The key difference with ThinkFan is the following: nvmlfan
has two modes. The first is the standard curve mode, which is defined like this:
cards: 0: mode: curve curve: - [ 60, 30 ] - [ 65, 50] - [ 75, 100] |
this maps the GPU’s temperature to a corresponding fan speed. The curve specifies anchor points in the format [ temperature, fan_speed ]
, with values in between approximated linearly.
- Temperatures below the first anchor point are mapped to the fan speed of the first point or the minimum speed allowed by the GPU BIOS/driver.
- If the last anchor point’s temperature is below the GPU’s maximum threshold, the fan speed is linearly approximated from the last point’s value to 100%.
Note: Fan speeds are controlled as percentages, not RPM values.
The second mode do what nvidia-smi GPU target temperature should do (shame on you nvidia), in this mode nvmlfan tries to maintain constant temperature.
cards: 0: mode: target target: 65 pid: [ 20, 0.1, 0 ] |
Of course, it won’t heat up the GPU if the temperature is below the target. However, it will actively counteract the heat generated under load, which helps minimize thermal stress.
Unfortunately, there are two drawbacks:
- I haven’t found a better way to achieve this than using a PID controller.
- Tuning PID parameters is notoriously difficult—it’s practically rocket science.
There are countless articles and entire books on how to tune PID parameters and even fucking discipline called control theory. Master PID tuning on your GPU and it will helps when you try to build a rocket.
There are no universal PID parameters that work for everyone (though, when properly tuned, they should be the same for identical models of GPUs). Fortunately, controlling GPU temperatures with a fan creates a relatively inertial system, so it’s less prone to oscillation.
In the [ 20, 0.1, 0 ]
array:
- The first number (P) is the proportional parameter. It controls how much the fan speed changes when the error (the difference between the target temperature and the actual temperature) equals one. For example, with a target temperature of 65°C and an actual temperature of 70°C, the fan speed would be set to 100%. However, setting the fan to 100% counters the heat, causing the temperature to decrease. This, in turn, reduces the fan speed, which can lead to the temperature rising again, and so on. If the P parameter is too high, this cycle can cause the system to oscillate.
- The second number (I) is the integral parameter. Since the proportional component is quite rough, the integral component adjusts slowly over time to ensure the fan speed perfectly matches the load, maintaining the target temperature.
- The third number (D) is the derivative parameter. It reacts to the rate at which the temperature changes. For systems with significant inertia, such as this one, the derivative component can often be omitted. If you’re curious about how to use it effectively, you’ll need to dive into some control theory books.

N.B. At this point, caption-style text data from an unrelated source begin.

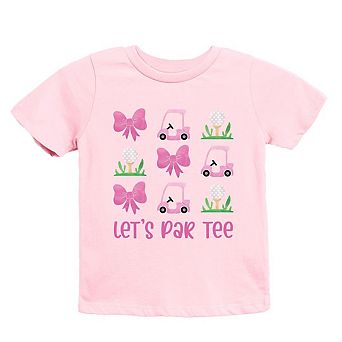 The Juniper Shop Let's Par Tee Coquette Toddler Short Sleeve Tee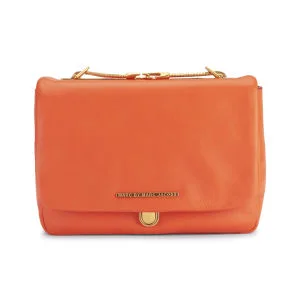 Marc by Marc Jacobs Leather Third of July Formal Chain Strap Cross Body Bag - Spiced Coral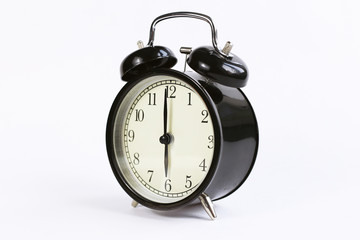classic table clock on a white background. decor element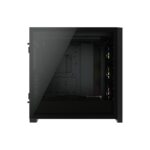 Corsair iCUE 5000X RGB Tempered Glass Mid-Tower ATX PC Smart Case - Black - Image 6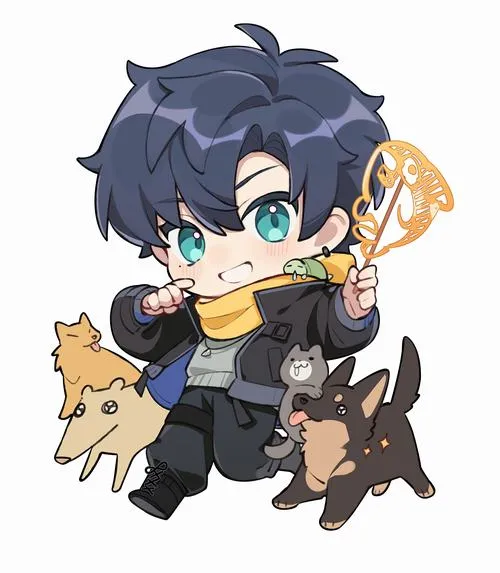 34 Hình nam tí hon đứng dưới tán hoa giấy ở ban công tầng cao, áo len kem rộng và mái tóc bạc mềm khiến bức Ultra HD này giống một Song Ngư đang lặng ngắm thành phố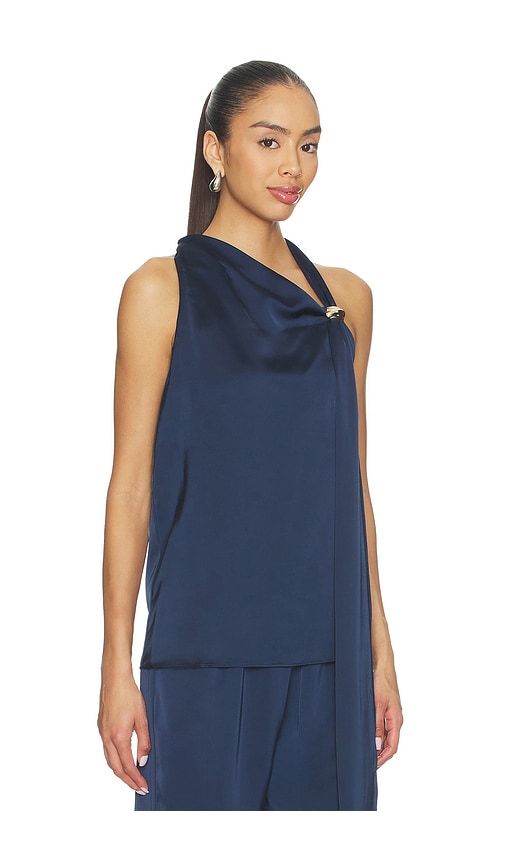 Sonya Top in Navy. - size S (also in XS) - Amanda Uprichard - Modalova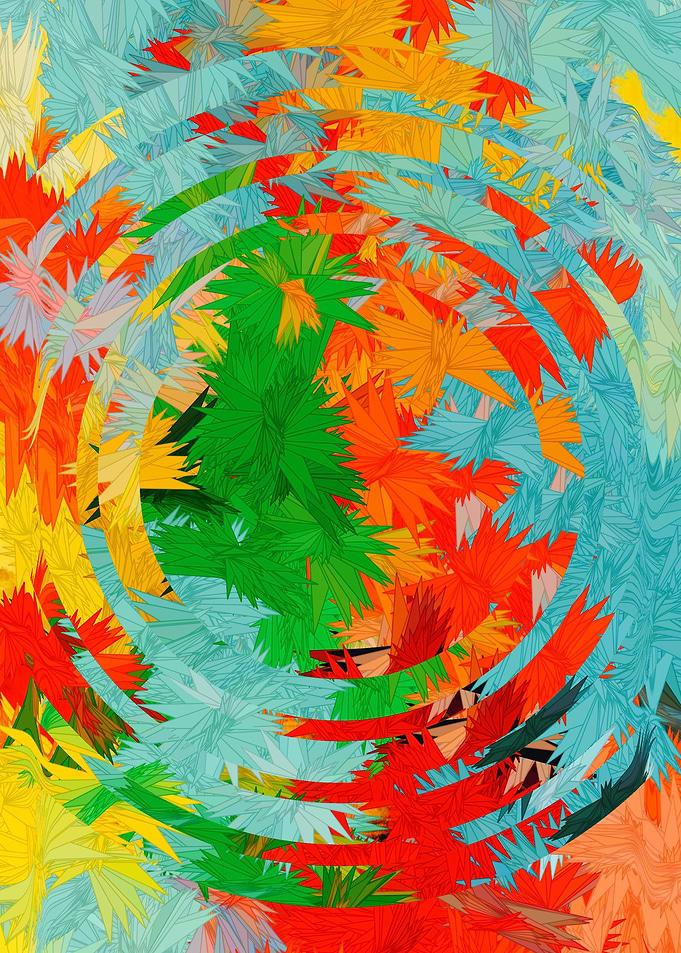 Abstract Geometric Art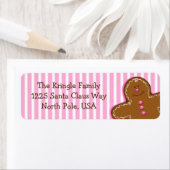 Sugar & Spice Gingerbread Adreslabel Etiket (Insitu)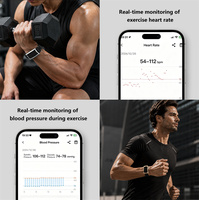 Pulsera Inteligente con 30 Días de Autonomía en Espera, Monitor de Frecuencia Cardíaca Continuo Durante Todo el Día, Sin Pantalla, Modelo U25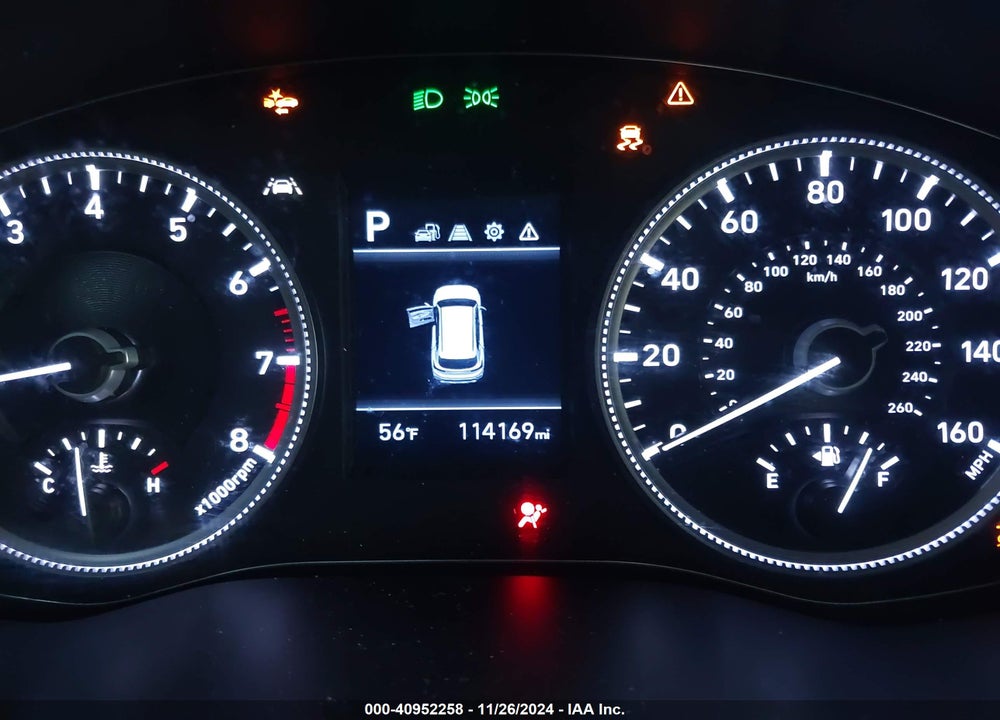 2019 HYUNDAI SANTA FE SE VIN: 5NMS2CAD5KH042513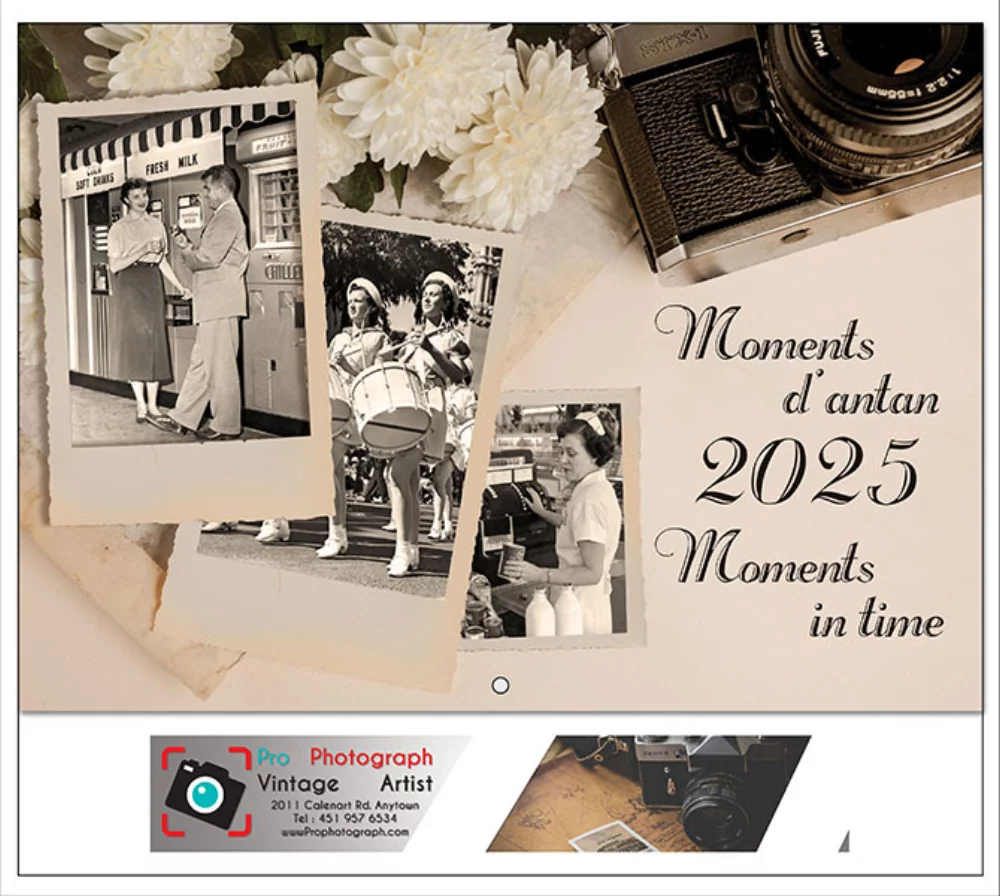 Calendrier de rendez-vous Moments in Time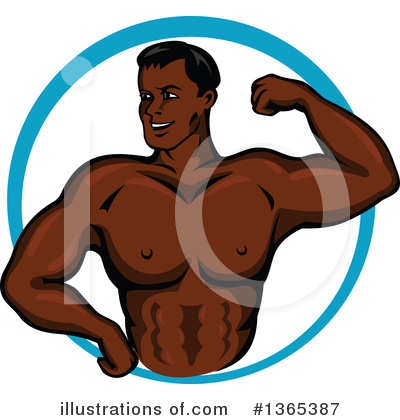 Black Man Clipart #1365387 by Vector Tradition SM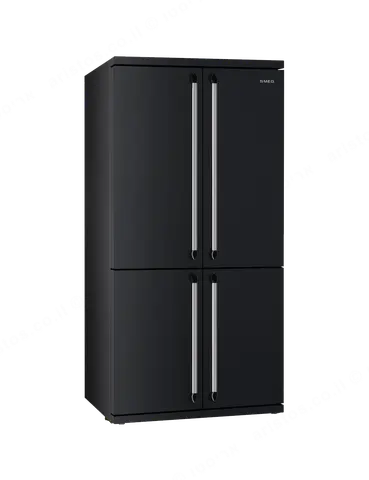 SMEG מקרר עם מקפיא, בעל 4 דלתות שחור,מסדרת Victoria תוצרת SMEG דגם FQ960N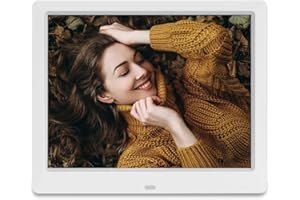 JOHNZINY 9 Inch Digital Picture Photo Frame 1024x768P Music Photo Video Player with Remote Control 4 Windows Display/Multi-Slideshow/Calendar/Clock Alarm Function Electronic Photo Picture Frames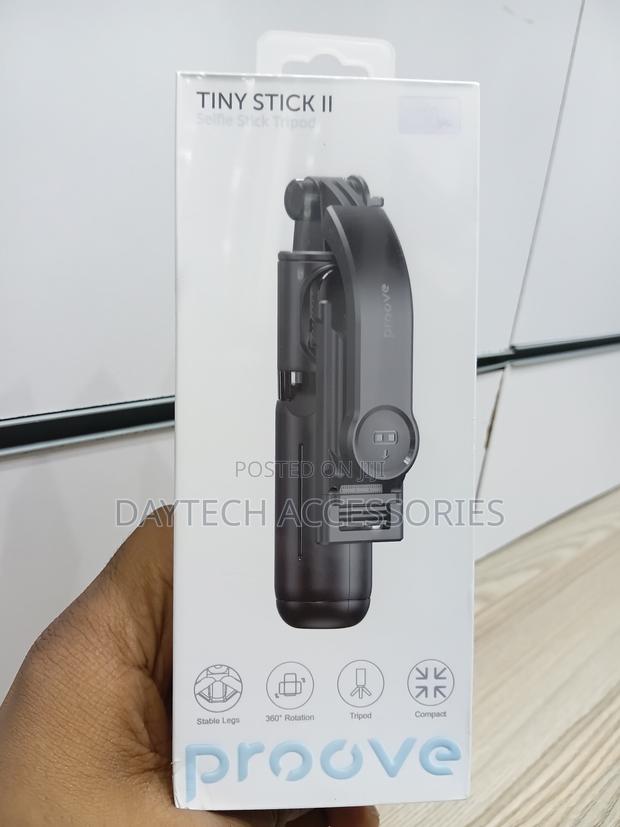 Proove Tiny Stick II Selfie Stick Tripod 630 Mm Black (MPTS) - thumbnail 3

The second drawback is that target mode can create additional noise by frequently changing the fan speed. Since the target speed is recalculated every second, the variations might be noticeable—especially if the system begins to oscillate.
With that said, here’s the repository for the project: https://github.com/IvanBayan/nvmlfan
PS
I take no responsibility if someone damages their GPU using this. Use it at your own risk.